If there is a way, could You be so kind to tell how to properly write the code piece on GPU instead of std::sort on CPU and how to include proper header files (maybe installation of the library is required)?
Could You, please, give any helpful links, which guide how to install and use CUDA libraries with OpenAcc?
Thank You.
Have you looked at using C++ standard parallelism (stdpar)? Sort can be parallelized when give a parallel execution policy. Our implementation of stdpar will offload to the GPU via the flag “-stdpar=gpu” and is interoperable with OpenACC so can be added to your existing OpenACC code.
How to tell the compiler that bodies is a pointer to the data on the device here?
Could You be so kind to tell, is there any workaround?
Maybe, it is possible to use CUBLAS sort methods in OpenAcc code compiled by nvc++?
Thank You very much.
Assuming “m” is a variable, then bodies array is a VLA so implicitly dynamically allocated. Did you try using sort with an execution policy and it didn’t work?
How to tell the compiler that bodies is a pointer to the data on the device here?
Maybe I’m missing something but it should just work as is, assuming the loop is within the data region. Granted you should add the array shape to bodies in the data clause so the the entire array is copied to the device, rather than just the pointer. Also, I’ll usually add a “present” clause on the parallel loop.
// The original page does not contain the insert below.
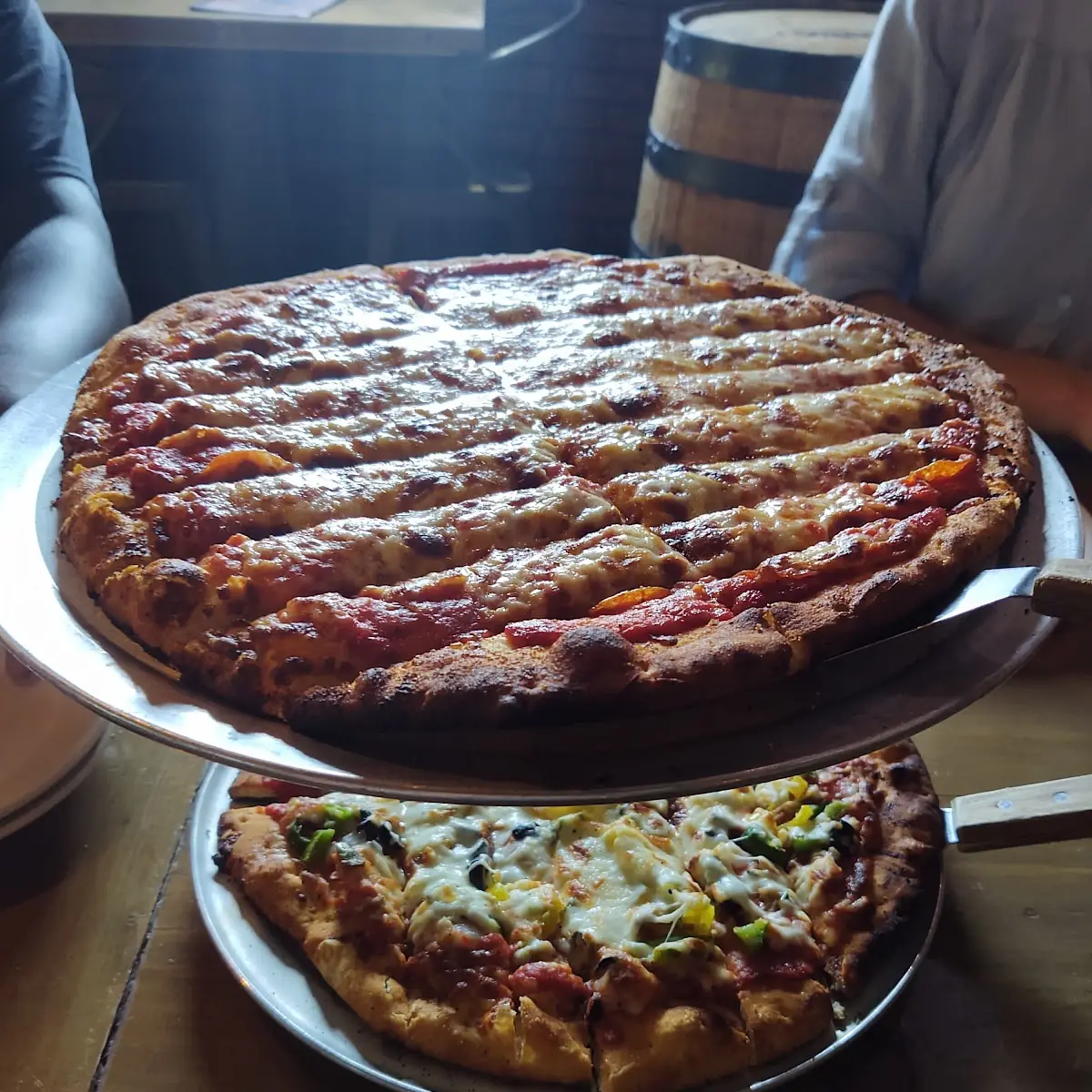 Veggie Pizza and Pepperoni Pizza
#pragma acc data copyin(bodies[0:m])
{
.....
#pragma acc parallel loop gang vector present(bodies)
for(int i=0; i<n; ++i)
{
bodies[i]+=Point3D(1.0e-3,1.0e-3,1.0e-3);
}
.
If you’re encountering an error, please post the error you’re seeing, and if possible, a minimal reproducing example.
Maybe, it is possible to use CUBLAS sort methods in OpenAcc code compiled by nvc++?
As far as I’m aware, cuBLAS doesn’t have a sort. Are you thinking of Thrust? Then sure, but our C++ STDPAR implementation is built on-top of Thrust so using stdpar sort is basically the same thing.